What you're explaining is called a multiwire branch circuit (and has been discussed here many times before), which is where 2 ungrounded (hot) conductors will share a single grounded (neutral) conductor. There are special requirements for this type of circuit, which must be followed to insure safety. This type of installation is slightly more complicated when dealing with ground fault protection, because of the way ground fault circuit interrupters (GFCI) work.

Multiwire Branch Circuits

Disconnecting Means

NEC 2008
210.4 (B) Disconnecting Means Each multiwire branch circuit shall be provided with a means that will simultaneously disconnect all ungrounded conductors at the point where the branch circuit originates.

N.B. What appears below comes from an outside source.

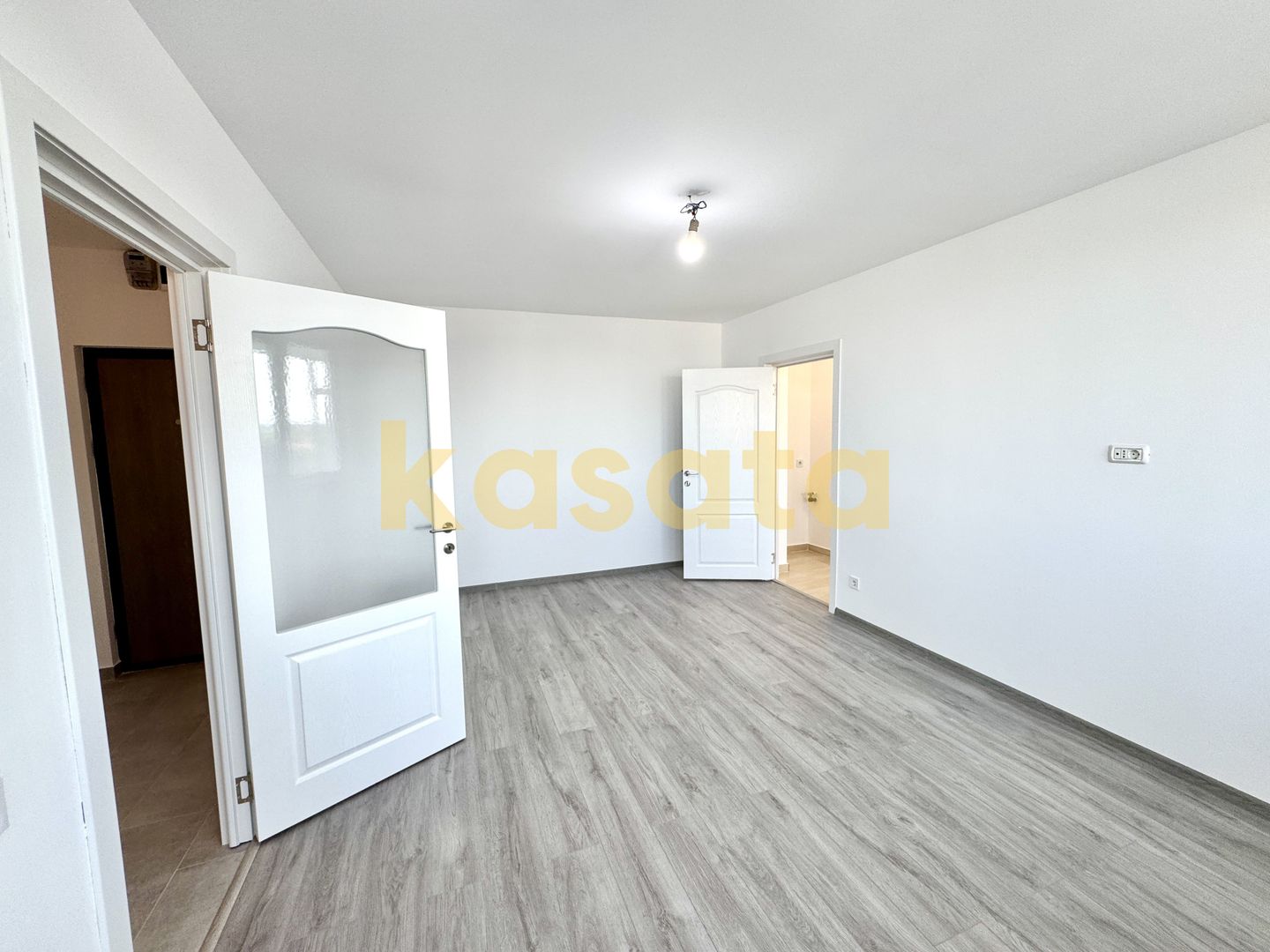 Mihalache de vanzare apartament 2 camere de vanzare proaspat renovat - Poză 2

This means that the breaker handles must be tied together in the service panel, so that if one breaker trips it will cut power to both circuits. This can be accomplished using handle ties, or a double pole breaker.

Legs

In multiwire branch circuits, each ungrounded conductor must terminate to different legs of the system. If this is not done the currents on the grounded (neutral) conductor will add instead of cancelling out, possibly overloading the grounded (neutral) conductor leading to a fire. Again, this can be easily accomplished using a double pole breaker.

GFCI

Ground fault circuit interrupting devices work by measuring the current on the ungrounded (hot) conductor, and the grounded (neutral) conductor. If the currents on these conductors differs by more than a specific amount, the circuit is opened preventing current from flowing. This can present a problem when using two separate GFCI breakers, because the current on the grounded (neutral) conductor will be the difference between the two ungrounded conductors.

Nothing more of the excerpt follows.